# 217 Mayonnaise Heaven


Variations: Aioli, Rouille, Tartar Sauce
Homemade mayonnaise is easy to make, delicious, and saves money. We also have three mayonnaise offshoots commonly found in French cooking: Aioli which adds a dimension of garlic and orange flavor; Rouille, mayonnaise dressed up with saffron and cayenne; and Tartar Sauce, the evergreen accompaniment to fish. Caution: it’s important to use pasteurized eggs to avoid salmonella.

Makes 3 cups
4 egg yolks, pasteurized
2 tablespoons mustard
½ teaspoon salt
¼ teaspoon pepper
2 1/2 cups vegetable oil

1 tablespoon garlic, minced
1 teaspoon orange zest

1 teaspoon saffron
1 generous pinch cayenne pepper

Tartar Sauce:
1 tablespoon capers
1 tablespoon cornichons
2 teaspoons fresh parsley
2 teaspoons shallots, peeled

To make mayonnaise:
1. In a food processor fitted with the mixing or chopping blade, process the yolks, mustard, salt and pepper until fully incorporated.
2. With the machine is still running, very slowly add vegetable oil in a very thin stream into the mixture until the mayonnaise is thick and creamy.

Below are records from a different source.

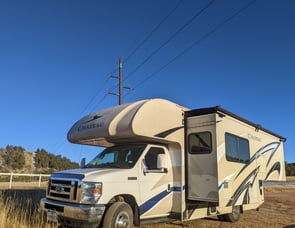 Thor Motor Coach Chateau 24F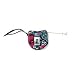 Flower Power Tools - Tape Measure Black Floral Patterned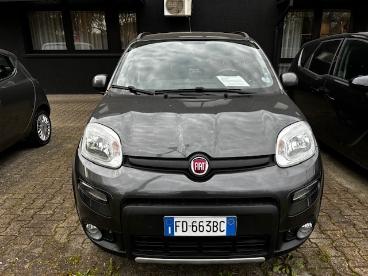 SPOTICAR Fiat Panda Nuova Usata - City Car Diesel Grigio - Reggio Emilia - 502441466_2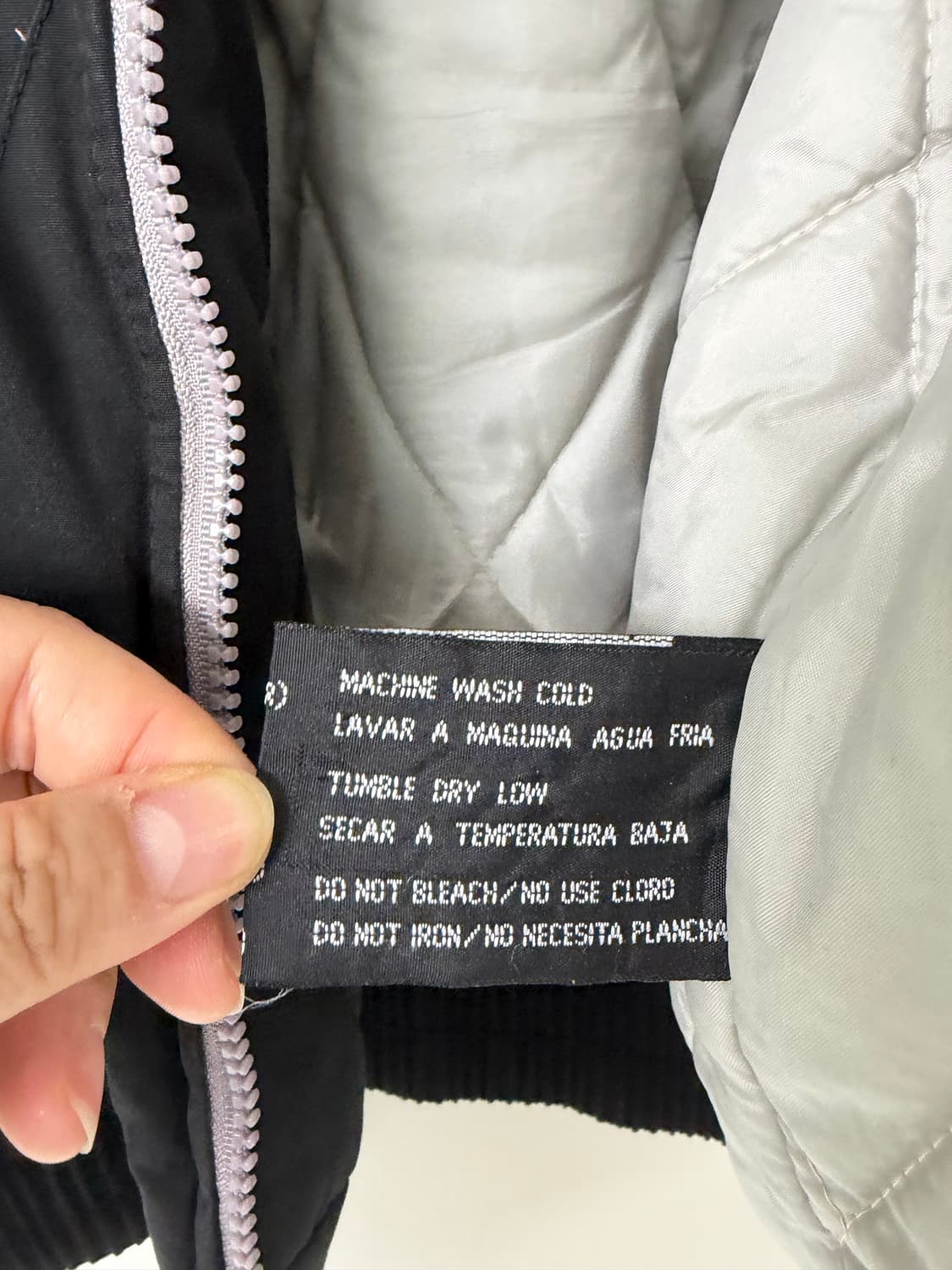 NBA 산안토니오 SPURS 누빔자켓 105-110 상품이미지7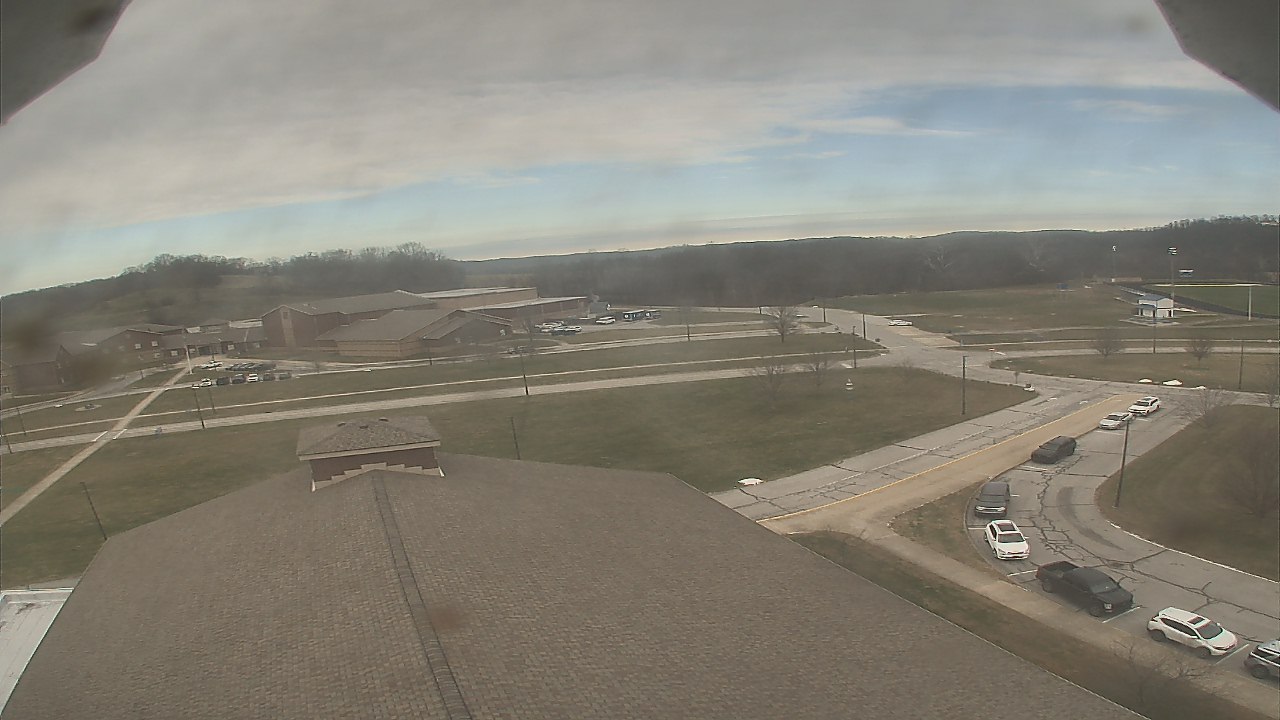 Thumbnail for current weather camera view from Central ES in Cambridge, Ohio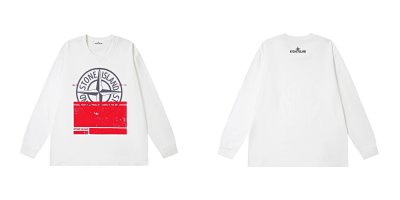 Stone Island Long Shirt 34+ colorways [Premium Quality]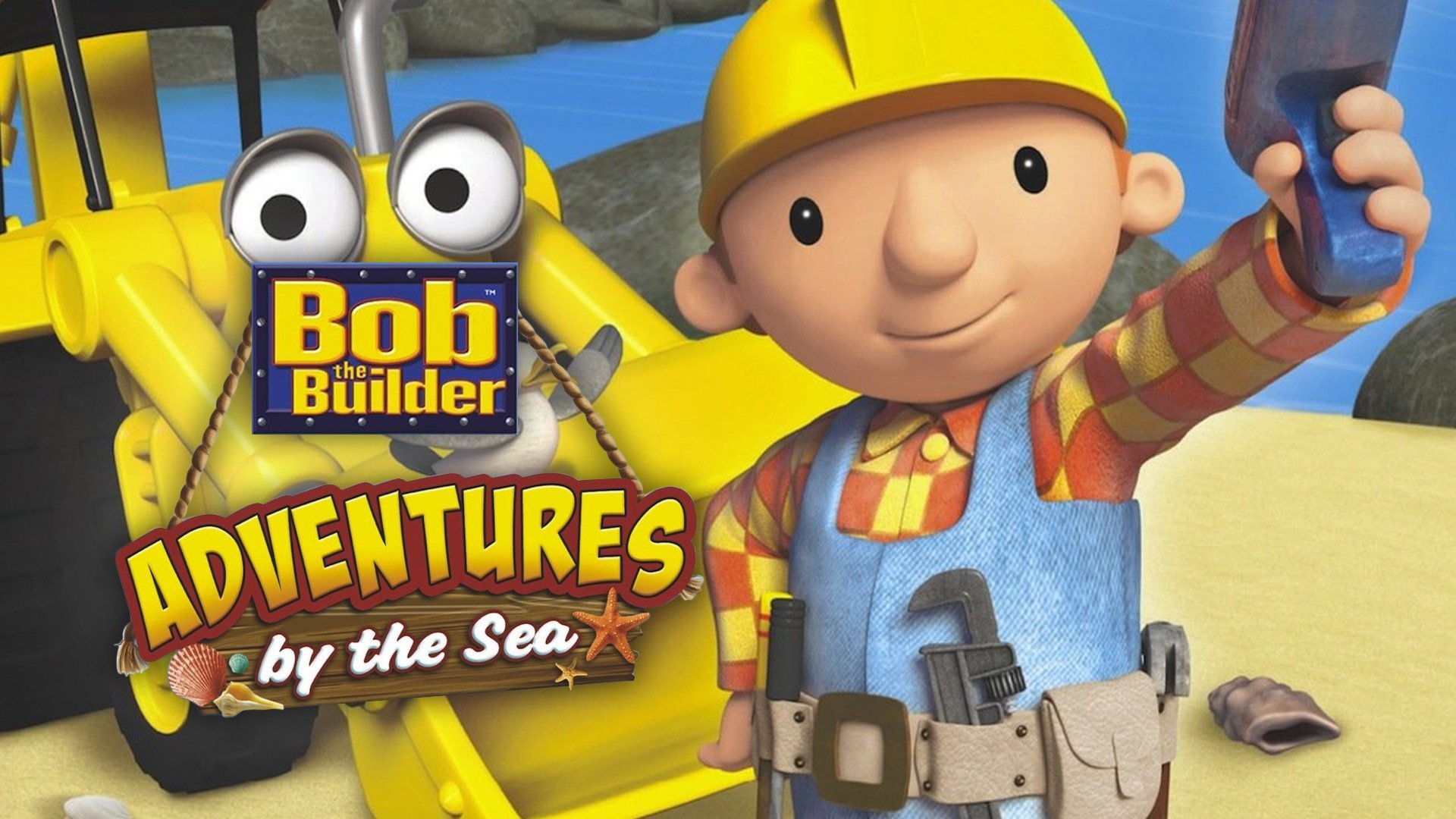 Bob the Builder: Adventures by the Sea|Bob the Builder: Adventures by the Sea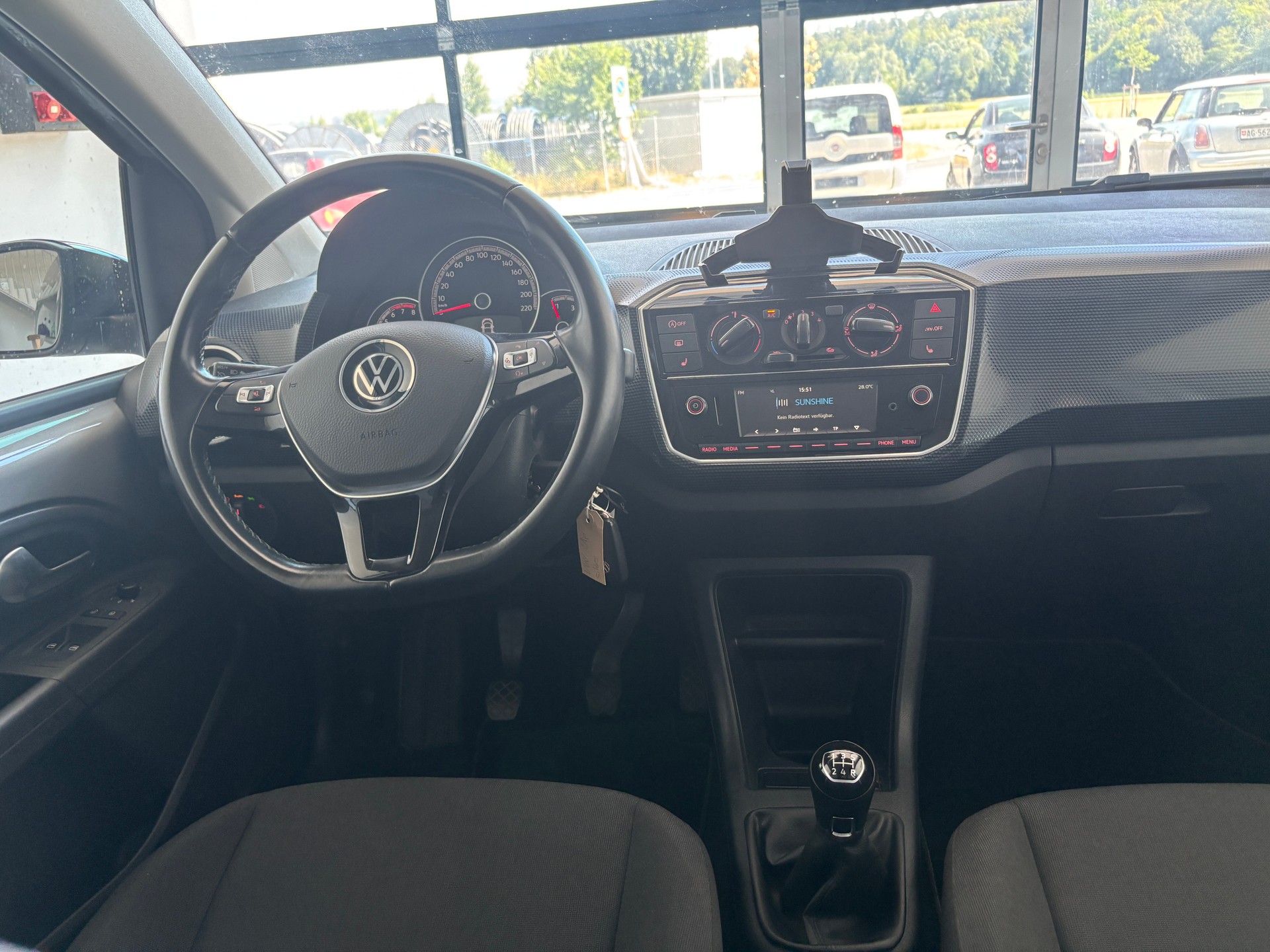 VW Up 1.0 MPI move up-image-7
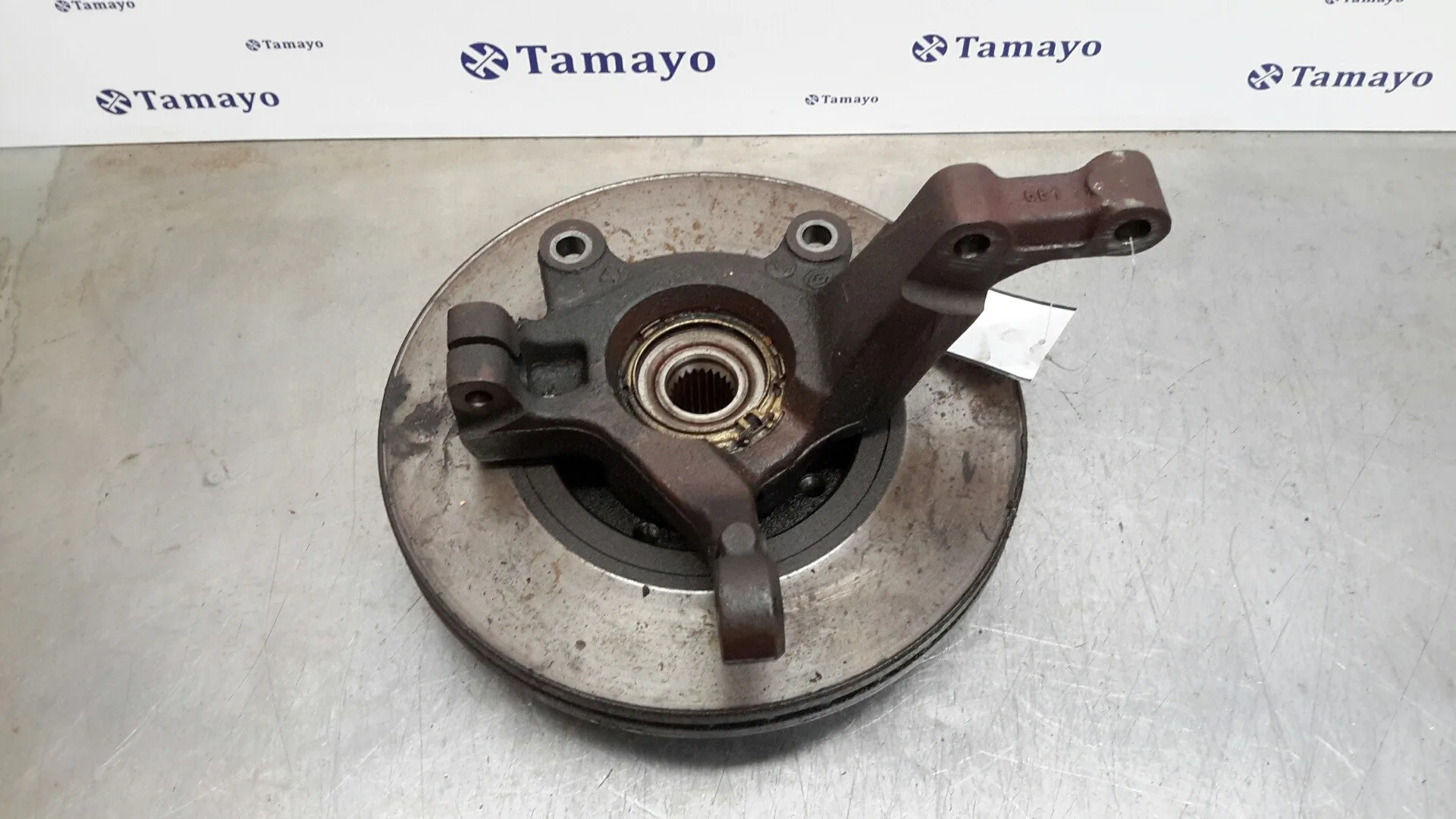 Mangueta Delantera Derecha para Nissan Micra (K12E)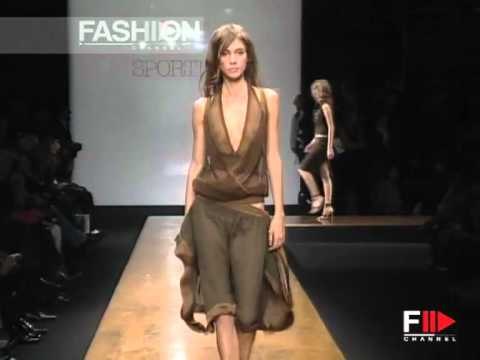 Sportmax Spring Summer 2003 Milan 1 of 3 Pret a Porter Woman by FashionChannel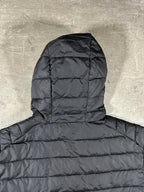 ellesse Daunenjacke Schwarz M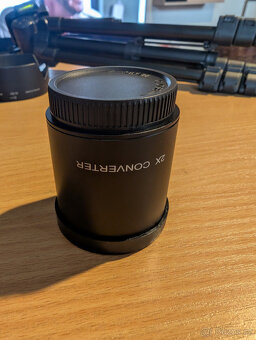 prodám Nikon D5300 s dalším vybavením - 10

If the small pusher of your food processor has a tiny hole at the bottom, then pour the oil through the small pusher.
To make aioli:
1. Stir chopped garlic and orange zest into 1 cup of mayonnaise until fully incorporated.
To make rouille:
1. Stir saffron and cayenne into 1 cup of mayonnaise until fully incorporated.
To make tartar sauce:
1. Put the capers, cornichons, parsley, and shallots into the workbowl of your food processor with the chopping blade. Pulse until finely chopped. Add 1 cup mayonnaise, and pulse until fully incorporated.